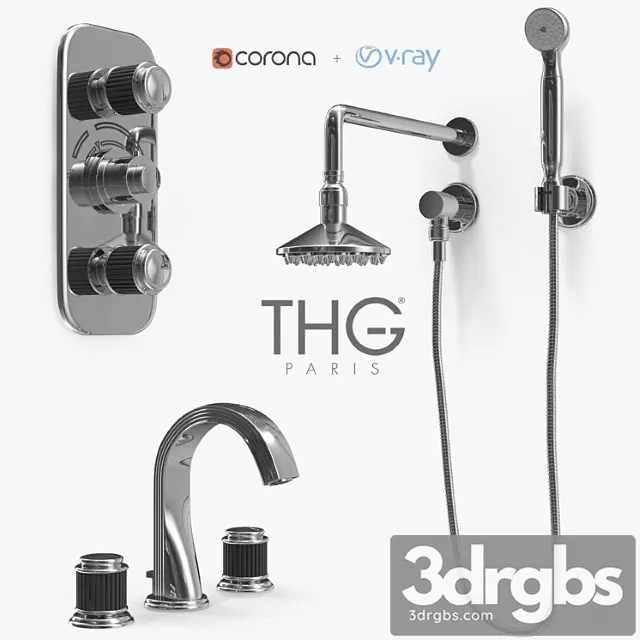 THG Paris Jaipur Shower Set 3D Model Free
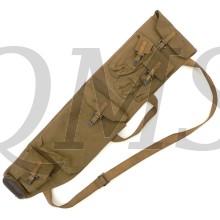Canadian Bren Gun Spare Barrel Carrier. Nicely marked with a Canadian Broad-Arrow, the pouch is not visible dated. Nice example in good used condition!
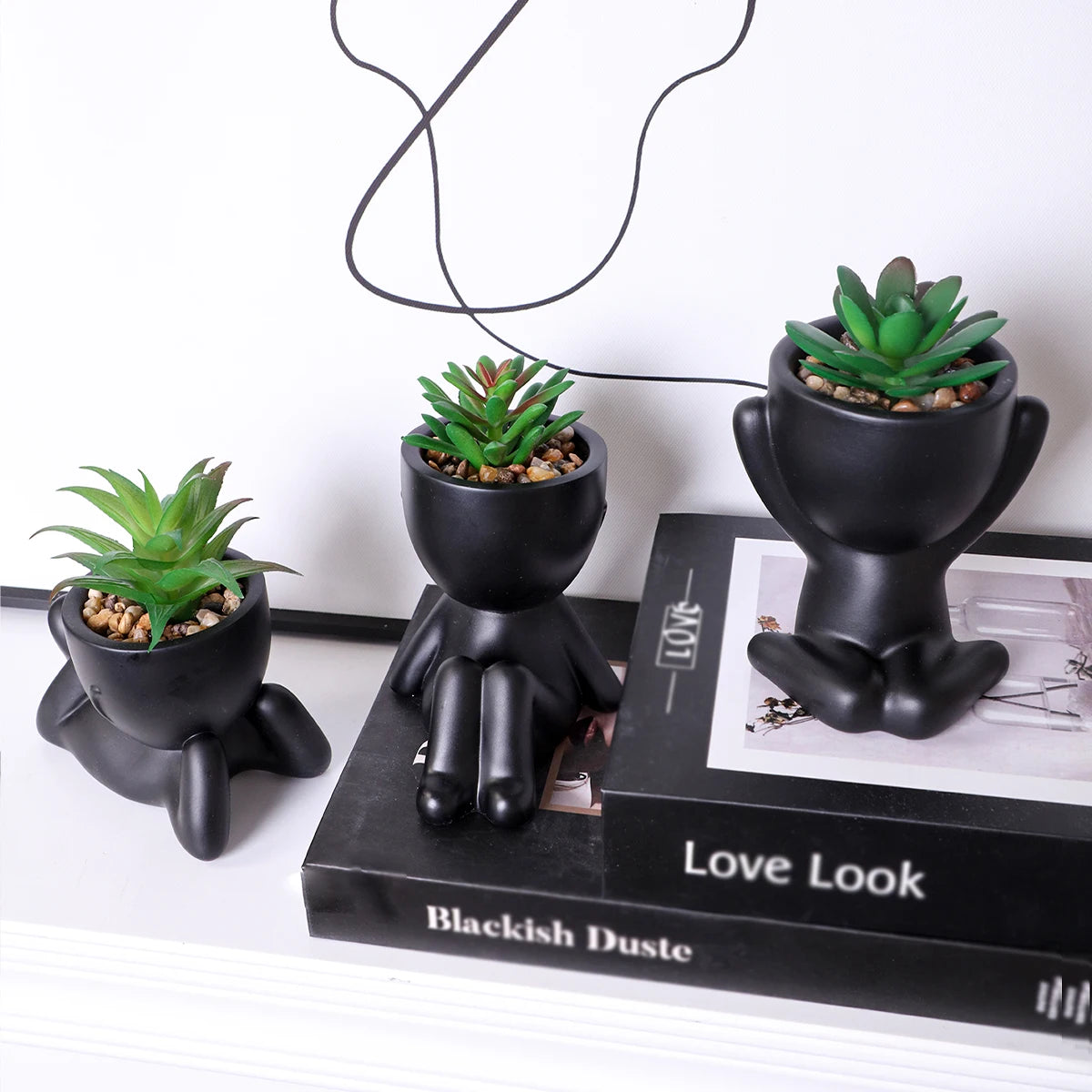 plantes artificielles aloe vera pots personnages miniature extérieur decoration maison moderne minimaliste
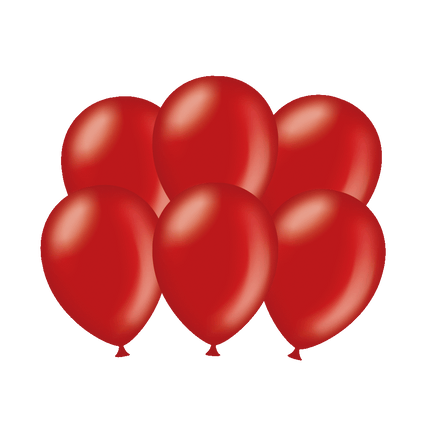 Ballons rouges métallisés 30cm 6pcs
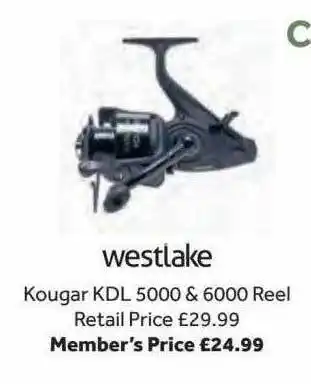 GO Outdoors Westlake Kougar Kdl 5000 & 6000 Reel offer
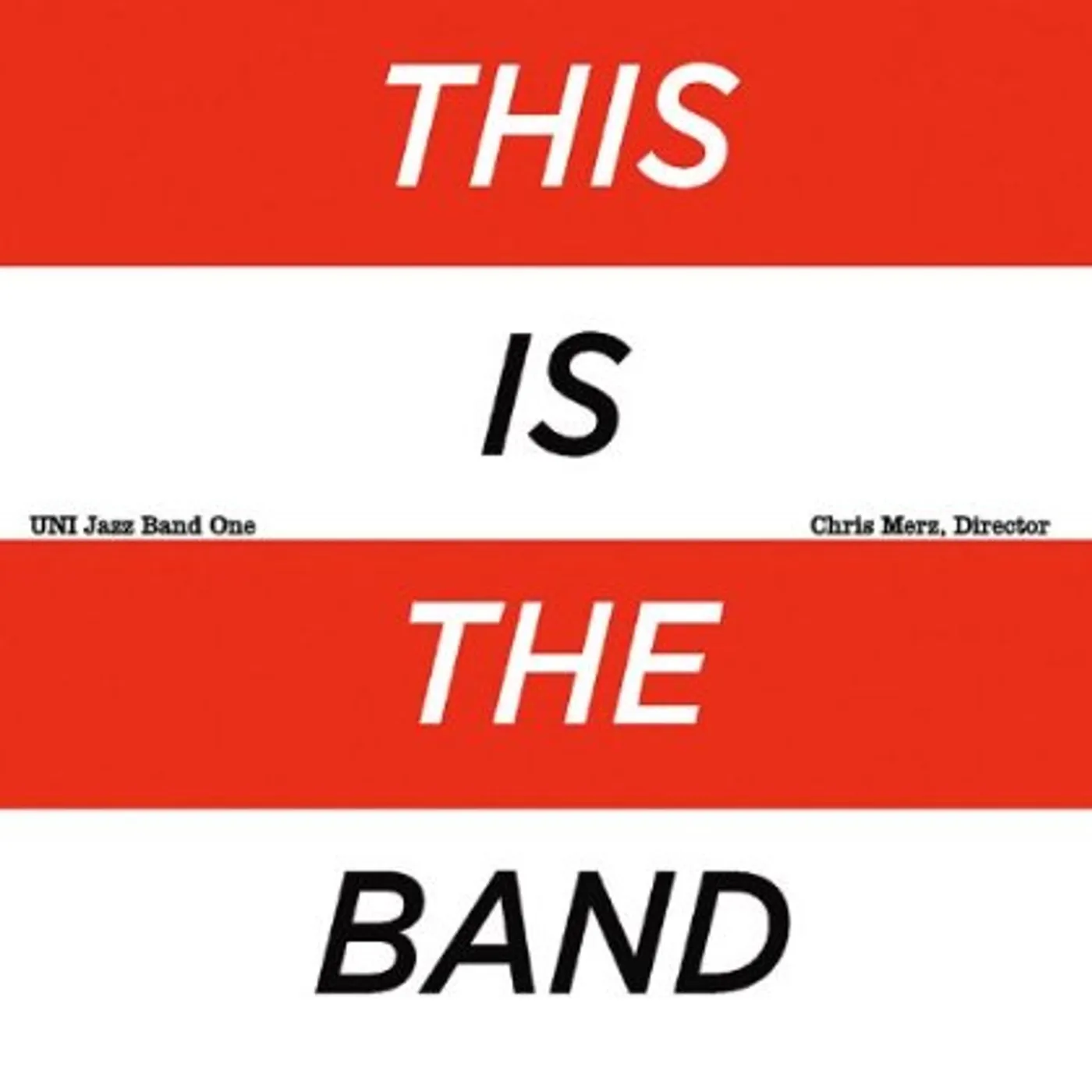 UNI Jazz Band One THIS IS THE BAND CD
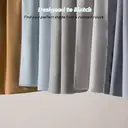 Housse de couette MENDALE - Ensemble de literie de qualité supérieure - Housse de couette 260*240 cm avec taie d'oreiller 65*65 cm - Microfibre douce brossée - Gris foncé et gris clair image 9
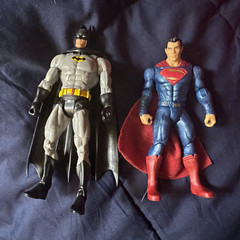 DC Comics Batman & Superman Action Figures – DC Universe Multicolor Cape
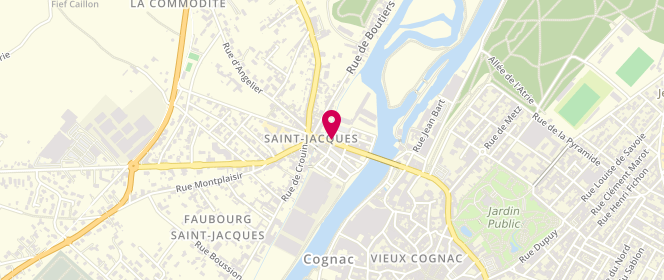 Plan de Véro'Boutic, 30 avenue de Lattre de Tassigny, 16100 Cognac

▶ TASK DIRECTIONS: Leave the pictures out. Output exactly, and only, the lines from the one with "Ballons rouges métallisés 30cm 6pcs" through the last line of the listing above, both included.

▶ WORKED SOLUTION:
 Ballons rouges métallisés 30cm 6pcs
 GO Outdoors Westlake Kougar Kdl 5000 & 6000 Reel offer
 UNI Jazz Band One THIS IS THE BAND CD
 Housse de couette MENDALE - Ensemble de literie de qualité supérieure - Housse de couette 260*240 cm avec taie d'oreiller 65*65 cm - Microfibre douce brossée - Gris foncé et gris clair image 9
 DC Comics Batman & Superman Action Figures – DC Universe Multicolor Cape
 Plan de Véro'Boutic, 30 avenue de Lattre de Tassigny, 16100 Cognac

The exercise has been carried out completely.